Data for this exercise:

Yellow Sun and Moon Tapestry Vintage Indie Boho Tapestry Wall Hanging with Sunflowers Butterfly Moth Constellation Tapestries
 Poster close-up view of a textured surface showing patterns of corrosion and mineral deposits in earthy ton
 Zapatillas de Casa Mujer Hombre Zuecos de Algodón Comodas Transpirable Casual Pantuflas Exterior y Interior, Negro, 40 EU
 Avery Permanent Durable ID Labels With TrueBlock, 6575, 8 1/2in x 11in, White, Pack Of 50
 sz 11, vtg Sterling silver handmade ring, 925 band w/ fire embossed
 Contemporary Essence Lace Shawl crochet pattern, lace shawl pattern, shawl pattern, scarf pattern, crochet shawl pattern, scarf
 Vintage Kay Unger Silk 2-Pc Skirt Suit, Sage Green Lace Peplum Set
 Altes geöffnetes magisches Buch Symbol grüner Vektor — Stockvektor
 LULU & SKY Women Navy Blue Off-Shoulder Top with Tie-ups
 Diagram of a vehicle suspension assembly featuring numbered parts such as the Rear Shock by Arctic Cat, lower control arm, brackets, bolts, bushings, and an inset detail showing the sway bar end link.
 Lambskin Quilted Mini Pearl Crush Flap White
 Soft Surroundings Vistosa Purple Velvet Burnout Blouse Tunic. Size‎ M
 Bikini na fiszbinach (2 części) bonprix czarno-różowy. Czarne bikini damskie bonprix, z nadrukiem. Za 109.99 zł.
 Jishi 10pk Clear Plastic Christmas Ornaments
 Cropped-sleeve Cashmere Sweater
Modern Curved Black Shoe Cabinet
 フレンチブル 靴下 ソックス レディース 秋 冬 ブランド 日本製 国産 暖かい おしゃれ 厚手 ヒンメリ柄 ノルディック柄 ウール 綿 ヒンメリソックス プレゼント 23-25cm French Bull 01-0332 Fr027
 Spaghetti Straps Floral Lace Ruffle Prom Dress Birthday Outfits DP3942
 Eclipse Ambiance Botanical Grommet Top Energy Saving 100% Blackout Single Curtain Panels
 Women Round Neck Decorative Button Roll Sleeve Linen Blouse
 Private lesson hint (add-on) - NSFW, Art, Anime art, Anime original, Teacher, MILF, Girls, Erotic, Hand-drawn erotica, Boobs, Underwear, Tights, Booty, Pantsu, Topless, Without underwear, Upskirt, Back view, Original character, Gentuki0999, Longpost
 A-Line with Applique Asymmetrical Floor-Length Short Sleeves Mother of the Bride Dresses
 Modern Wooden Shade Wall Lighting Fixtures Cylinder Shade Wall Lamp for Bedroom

Problem to solve: Among the records above, repeat exactly the line with "Poster close-up view", the line with "Zapatillas de Casa", and every line in between, and only those.

Exercise output:
 Poster close-up view of a textured surface showing patterns of corrosion and mineral deposits in earthy ton
 Zapatillas de Casa Mujer Hombre Zuecos de Algodón Comodas Transpirable Casual Pantuflas Exterior y Interior, Negro, 40 EU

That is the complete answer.